▶ **Problem details**:
Starting with the line that contains "Как стать медиумом" and ending with the last line of the listing, print each line exactly. Pictures stay out.

▶ **Entries provided**:
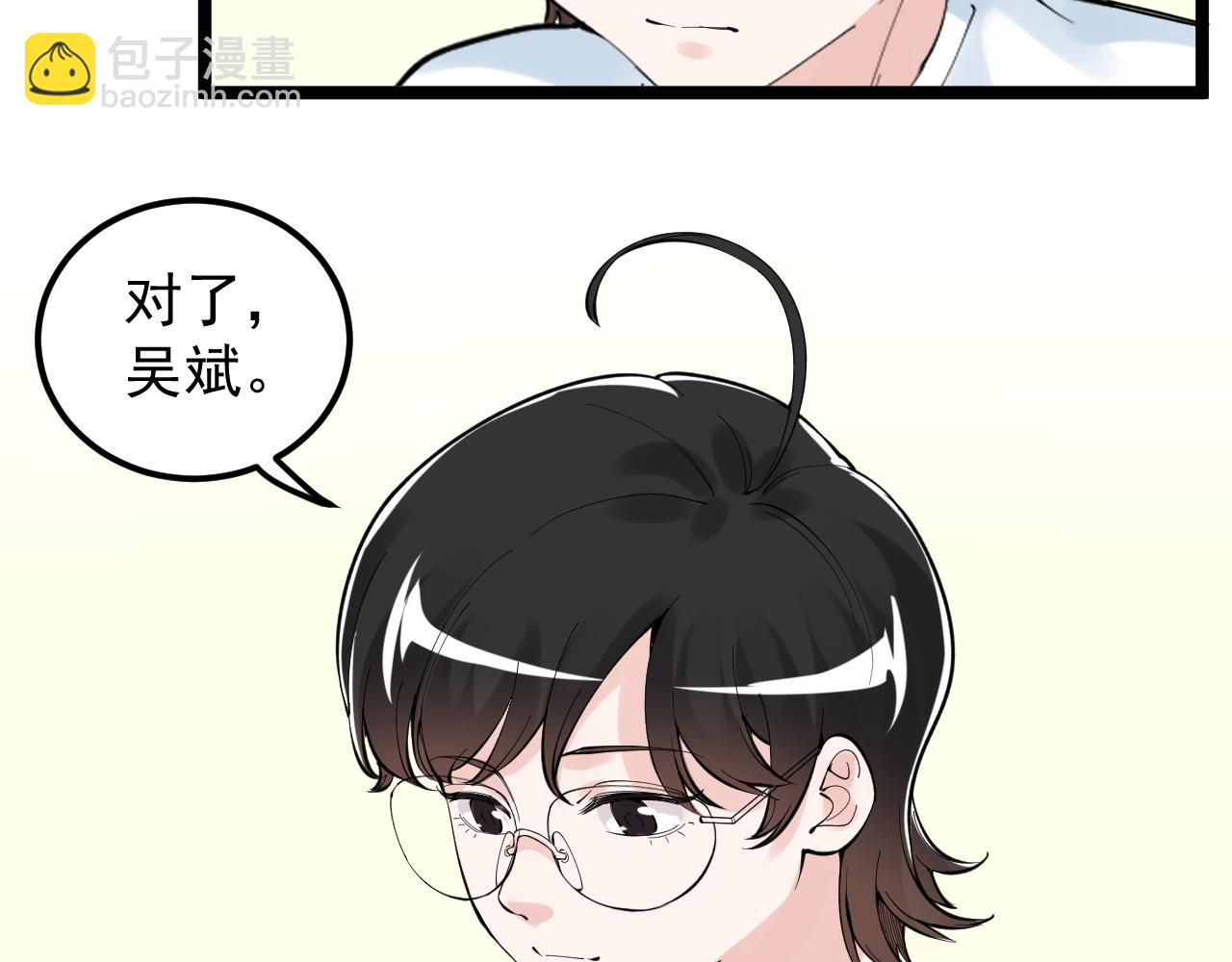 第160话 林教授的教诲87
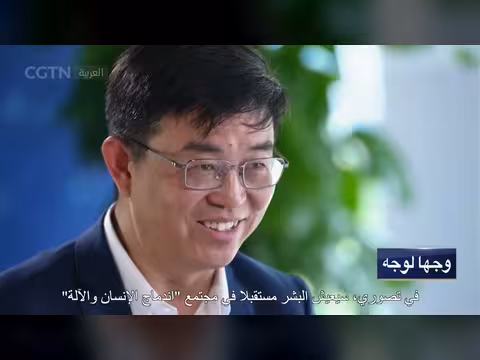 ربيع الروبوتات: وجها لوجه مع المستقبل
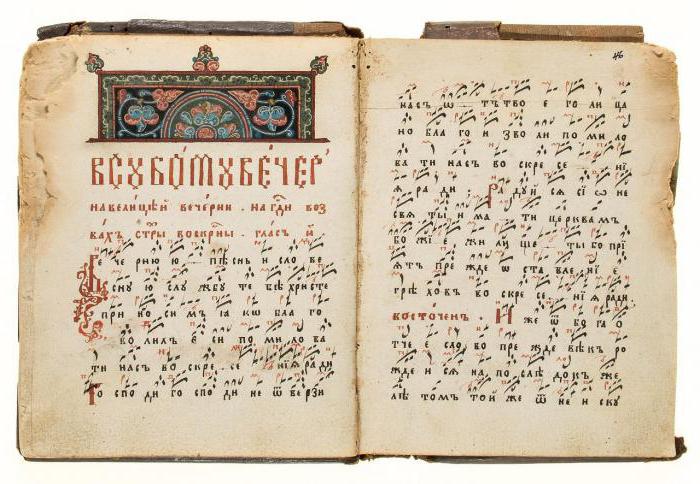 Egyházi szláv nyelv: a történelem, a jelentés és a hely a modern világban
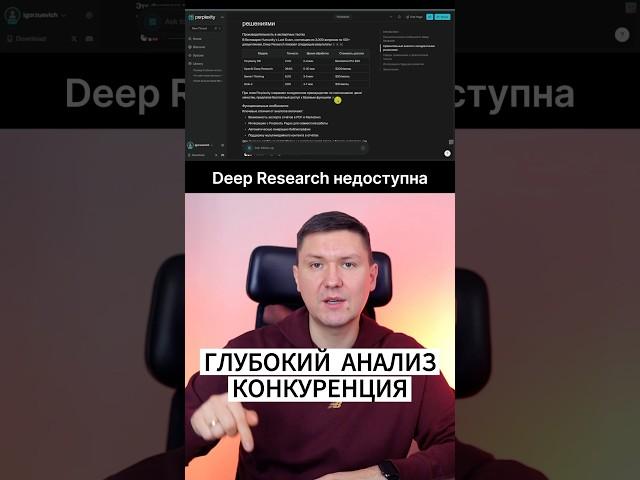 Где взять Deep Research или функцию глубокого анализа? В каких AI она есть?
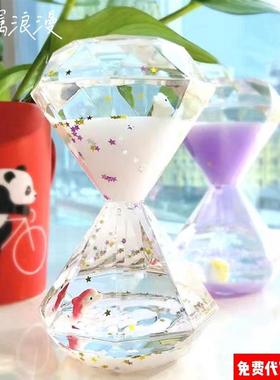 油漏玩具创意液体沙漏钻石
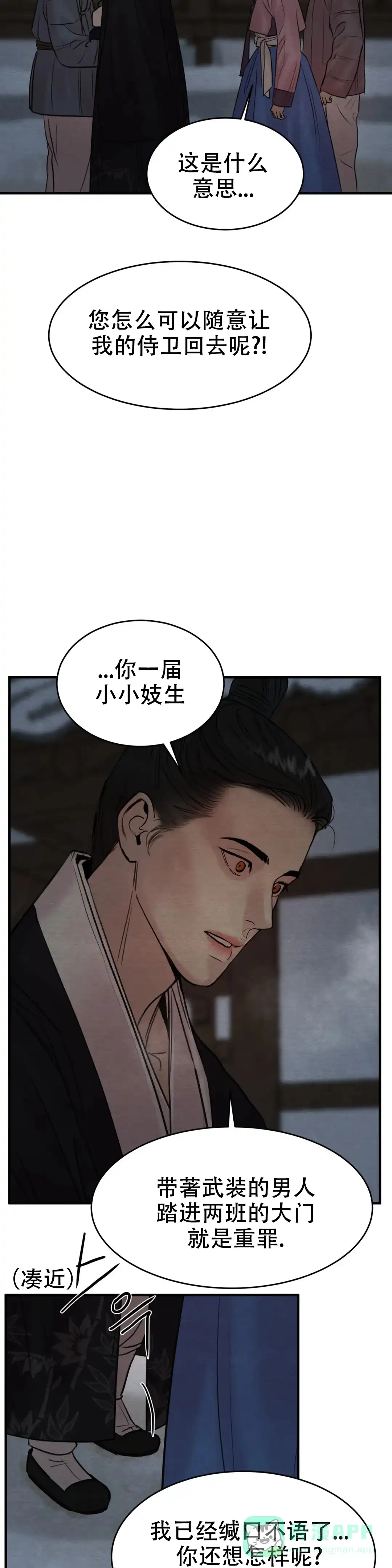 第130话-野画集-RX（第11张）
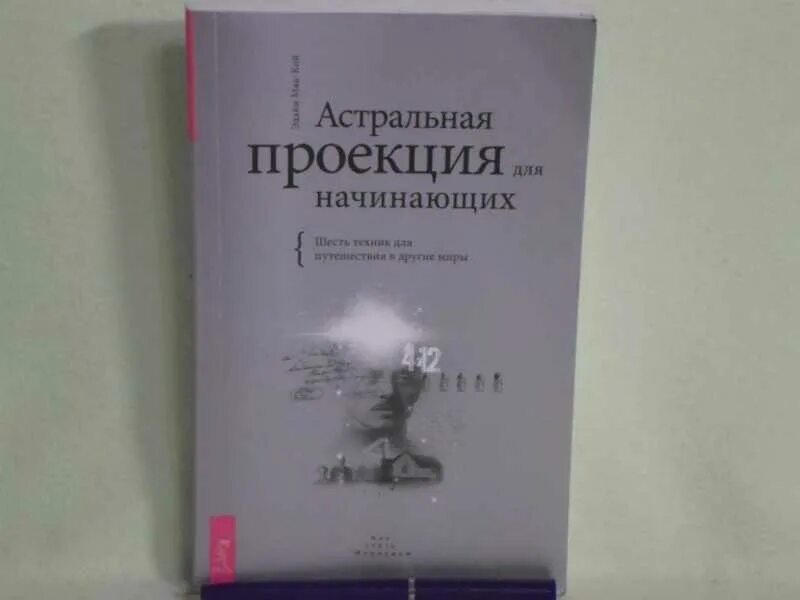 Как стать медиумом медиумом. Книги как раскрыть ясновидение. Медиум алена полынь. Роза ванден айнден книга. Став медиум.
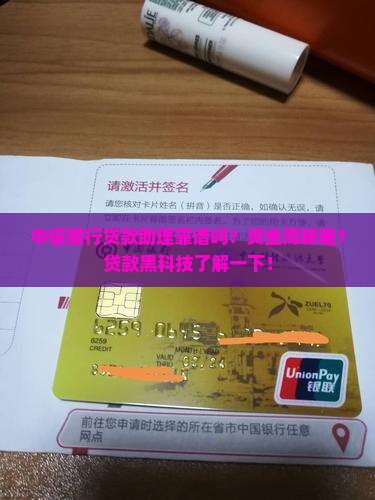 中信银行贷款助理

▶ **Exercise answer**:
 Как стать медиумом медиумом. Книги как раскрыть ясновидение. Медиум алена полынь. Роза ванден айнден книга. Став медиум.
 中信银行贷款助理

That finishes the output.